Two years ago, Live Action News brought you the story of Oliver Hinkley, a little boy with spina bifida who, according to his mother, “has broken every boundary set on him.” Brittney Hinkley found out that there were abnormalities with her baby at 20 weeks and were sent to get a higher level ultrasound. “The moment he reached for the tissues, I knew it was confirmed,” she said. “Spina bifida, myelomeningocele… the worst type.” This kind of spina bifida means that the spinal cord actually protrudes through an opening, and most children with spina bifida also have fluid on their brains. Brittney was offered an abortion, but she refused. Oliver’s parents chose life.

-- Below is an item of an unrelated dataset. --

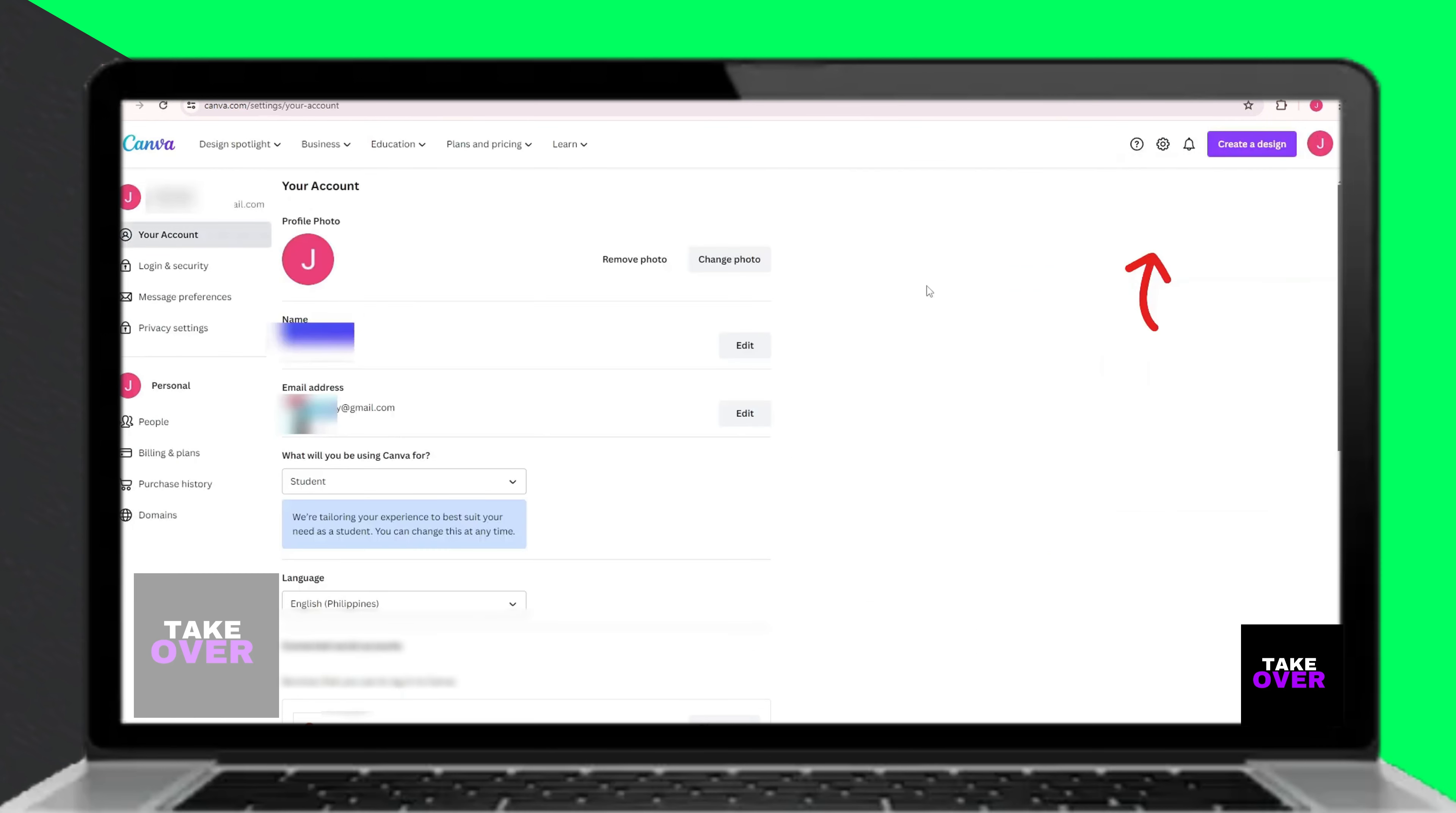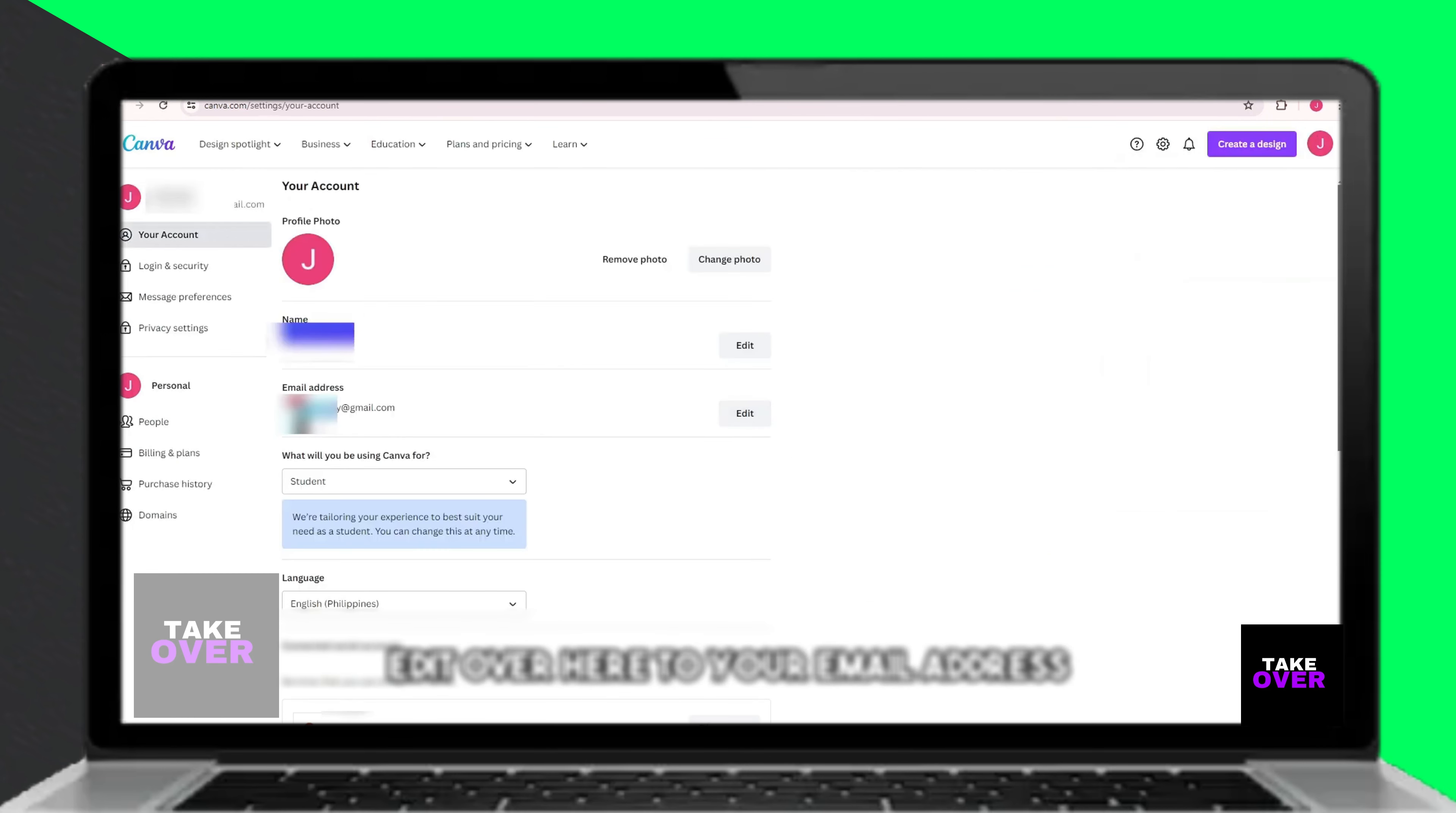Next, navigate to the Settings menu. Within the Settings, find the option to edit your email address.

“The only time it was brought up was when my first OB asked if I had wanted to get one,” she explained. “Needless to say, we left him without a second thought. I had a lot of support from Aaron, and we both wanted Oliver, regardless of his new diagnosis.” The typical abortion that would be done on babies Oliver’s age at the time — 20 weeks — is the brutal D&E abortion, in which a living child is dismembered piece by piece and removed from the womb:
Oliver has undergone several surgeries, and when Live Action News last spoke to the Hinkley family, Oliver was talking, learning sign language, and crawling — even though doctors said he would likely never even sit up on his own. Today, Oliver is a big brother to little Theodore… and he’s walking.

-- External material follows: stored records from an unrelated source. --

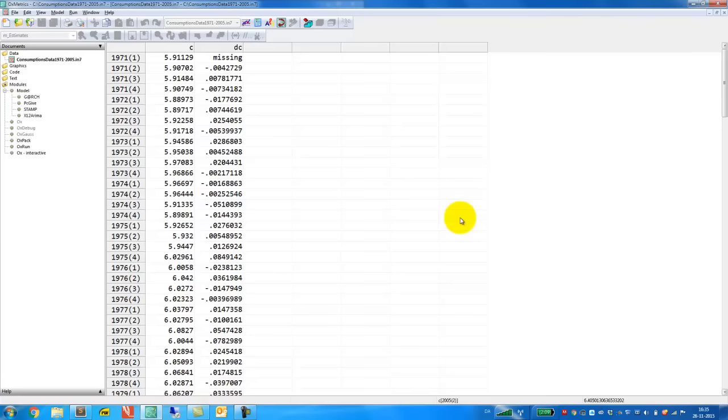In this video, we illustrate how to perform the Augmented Dickey-Fuller test for a unit root in Oxmetrix. We use an example based on variable C, which is the log of Danish private consumption.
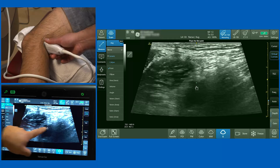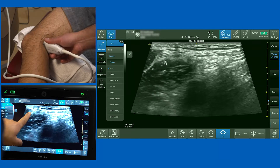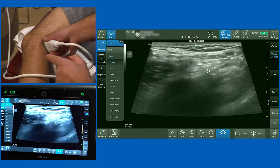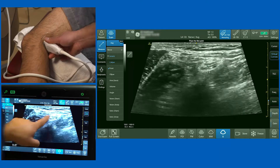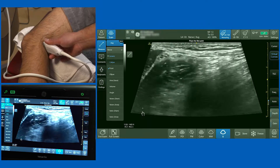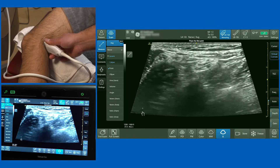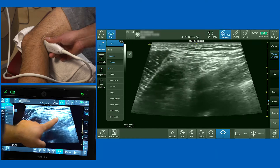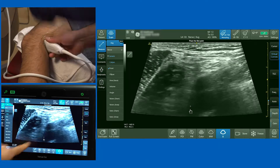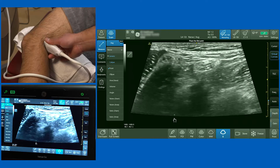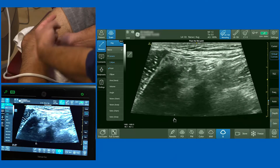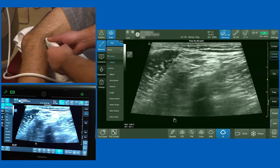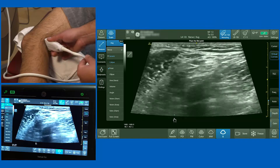There's a structure on the lateral aspect and a structure on the medial aspect. At the popliteal fossa, the sciatic nerve in most cases has already bifurcated into two components: the common fibular (common peroneal) nerve and the tibial nerve. We want to block them ideally when they're still one structure, so I'm going to slide the probe proximally while maintaining orientation.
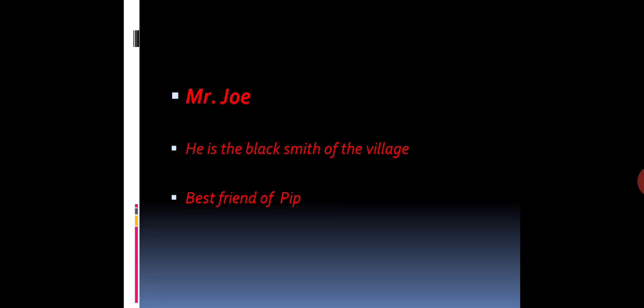Next, we have Mr. Joe. Mr. Joe is the blacksmith of the village. He is the best friend of Pip. They have another relation. Mr. Joe is the brother-in-law of Pip. Mr. Joe is a very friendly and caring person. The sister of Pip does not care for Pip, but Mr. Joe is taking a lot of care. He is doing a lot for Pip.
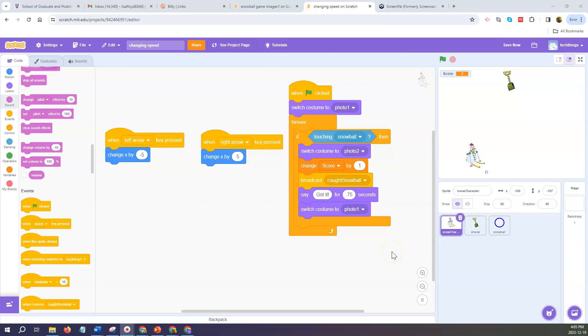In this video I will show you how you can make it so that your snow character moves across the screen faster or slower.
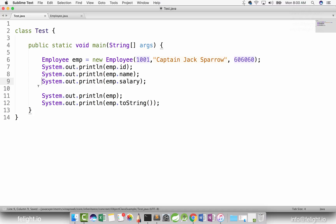This is the end of the inheritance topic — there is nothing else to teach in inheritance. If there is anything missing, it will definitely be addressed in the interview questions for this chapter.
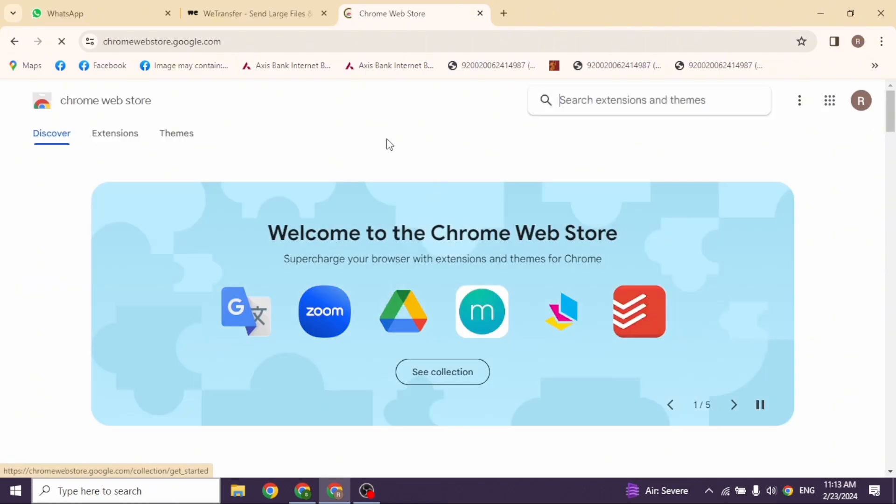With that, you'll land to this kind of interface. Over here, you'll find this option, Search Extensions and Themes. Type in YouTube Redux and search for it.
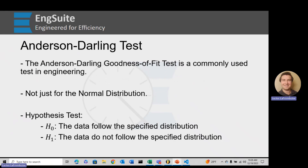The Anderson-Darling goodness of fit test is a commonly used test in engineering, because it's not just for the normal distribution. It's a goodness of fit test, and like most goodness of fit tests, it's a hypothesis test. The null hypothesis is that the data follow the specified distribution. The alternative hypothesis is that the data do not follow the specified distribution — not just the normal distribution — because the Anderson-Darling test can be used for multiple distributions.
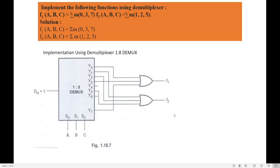Good morning students. Our next question is to implement the following functions using demultiplexors. There are two functions: f1(a, b, c) = summation of minterms 0, 3, 7, and f2(a, b, c) = summation of minterms 1, 2, 5. We need to implement both functions using a demultiplexor.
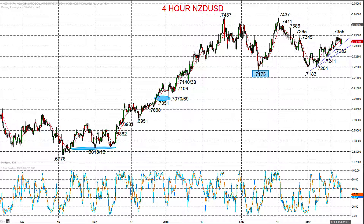This has been Steve Miley, the market chartist for forextraders.com. I wish you a great trading day.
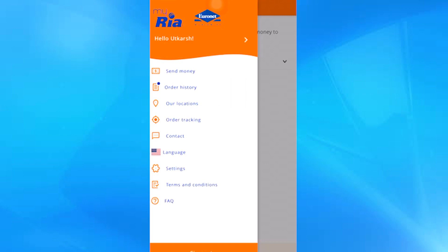Very well, I will teach you how to send money by Ria Money, for which we click on this first option.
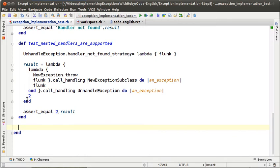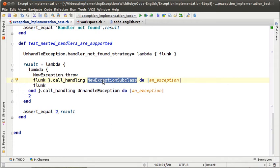One of the things that I don't like about current exception models in the languages we have is that every time you want to handle an exception you have to define the type of the exceptions you want to handle, and you have to pass a class there. You cannot pass something that could help you to decide which type of exception you want to handle, and I think it's too restrictive.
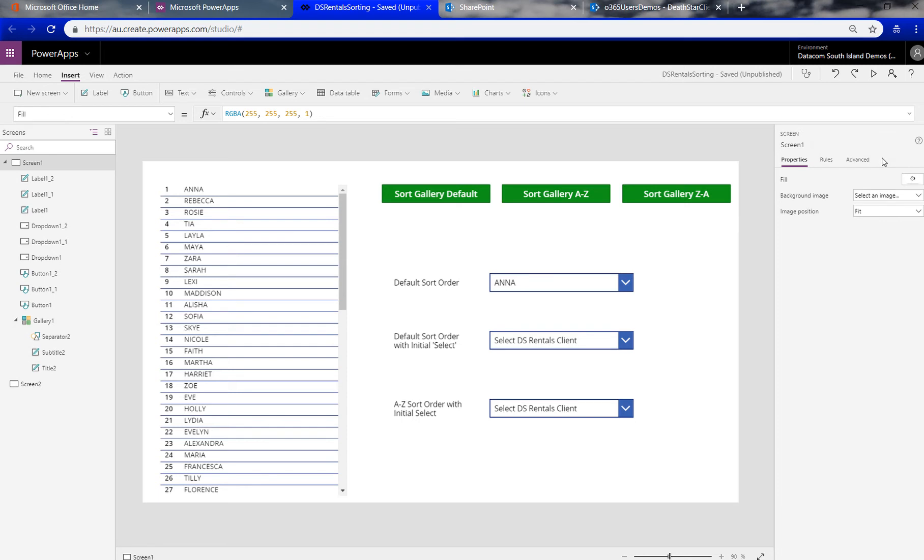G'day folks, this is Richard Burdes from Datacom CrossFetch New Zealand with a quick time-saving tip for anyone that wants to sort data in alphabetical or other order that's different from the ID column you might have. Generally when you create a data source, this one here is people's names, it's thrown in randomly.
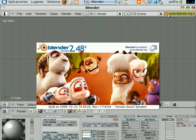I must stop right here to avoid passing over the 10-minute limit that YouTube imposes. I will do the exercise in the second part of this special issue of Miscellanea Blender.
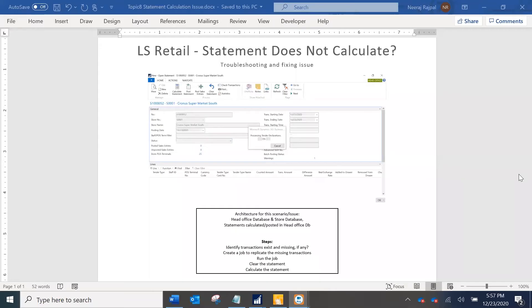In this presentation I am going to demonstrate how to address one of the possible issues around statement calculation in LS retail. The underlying issue is for a given store or terminal or date, the statement does not calculate.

Brittney posted the incredible video on Facebook, explaining that he had to cut back on his therapy time due to the cost of their insurance. So she went to Home Depot to find the tools to help him with therapy at home. “I not only received help finding the items needed, but suggestions to fit my son better, and they also put it together for me and gave it to us free of charge,” she wrote. “This little item, made of pvc pipes and glue, is everything to me and my son. It gives him the gift of being able to walk.”

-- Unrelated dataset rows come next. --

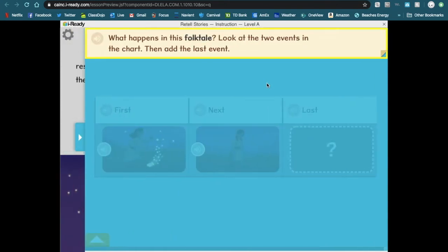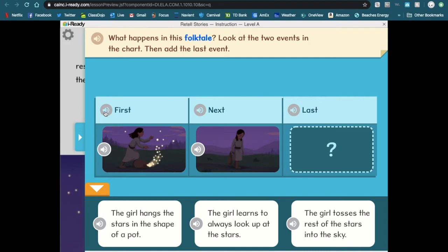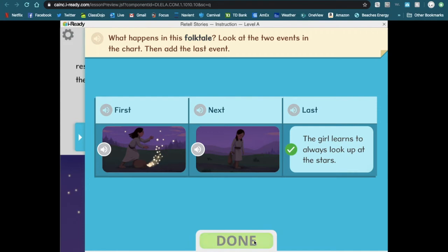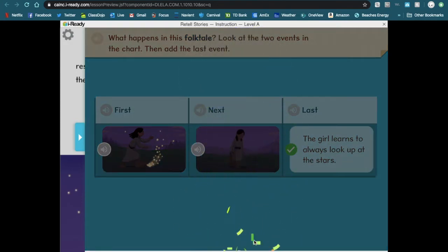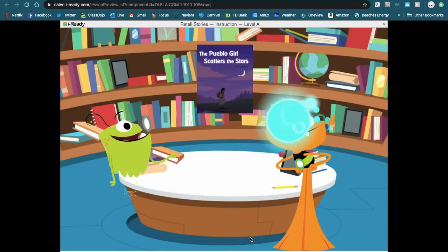What happens in this folktale? A folktale is a story that people in a community have told again and again for many years. First, the girl opens the bag and loses many stars. Next, the girl feels shame and looks down. Last, the girl learns to always look up at the stars. Now I will always look up at the stars and think about the Pueblo girl.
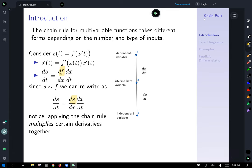The output variable s is always the dependent variable — the output depends on the input. So s is the dependent variable and t is the independent variable, the innermost input. On the way to getting the output s, t passes through x, which is an intermediate variable.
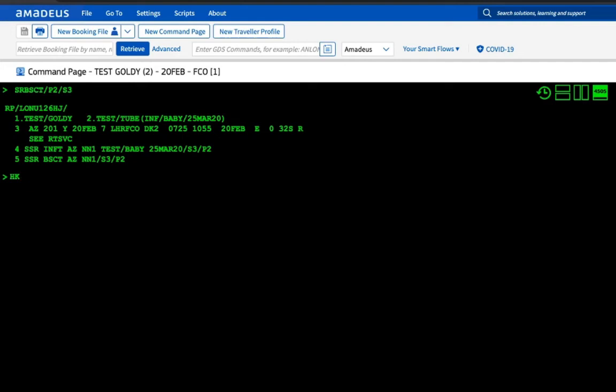If they put HK or KK instead of this, that means it's confirmed. And if they put NO, UN, or UC instead of this, in that case it would be unconfirmed. Basically the airline's reply comes at that time itself. Since my PNR is not yet created, maybe that's why it's kept in pending. As soon as we create the PNR, it will tell us whether it has accepted the request or rejected it. This is how we add baby bassinet in a PNR.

Physically, Oliver is truly surpassing all expectations. “He has taught himself how to get on and off the couch, even our king size bed!” Brittney said in a follow-up interview with Live Action News. “With the proper equipment, he can stand and take steps with assistance. Not much has changed physically (he still can get by in 12 month pants), but he has learned so much intellectually.”
Oliver was evaluated in October to measure his intellect, and came in above his age level. “We were always told to expect delays, physically and intellectually, due to damage the brain suffered from hydrocephalus and possibly from his shunt surgery at a month old. It kind of came hand in hand, as what to expect with the diagnosis of spina bifida,” she explained. “He is at even a little higher than where he should be for his age group.”
And he’s also loving being a new big brother. “Oliver is so amazing with Theodore,” Brittney gushed. “He shares, gives random kisses, let’s me know when he’s doing something he shouldn’t, all while still being that older brother who takes his toys now and then.” The family is also training their new puppy to be a therapy dog for Oliver, who will be four in April.
Oliver’s story shows that people with disabilities can and do lead fulfilling, happy lives. Many people react to the news that their child will have a disability with fear, and understandably so. But doctors must stop placing boundaries on these children and making it sound like they aren’t capable of truly living. These children deserve better.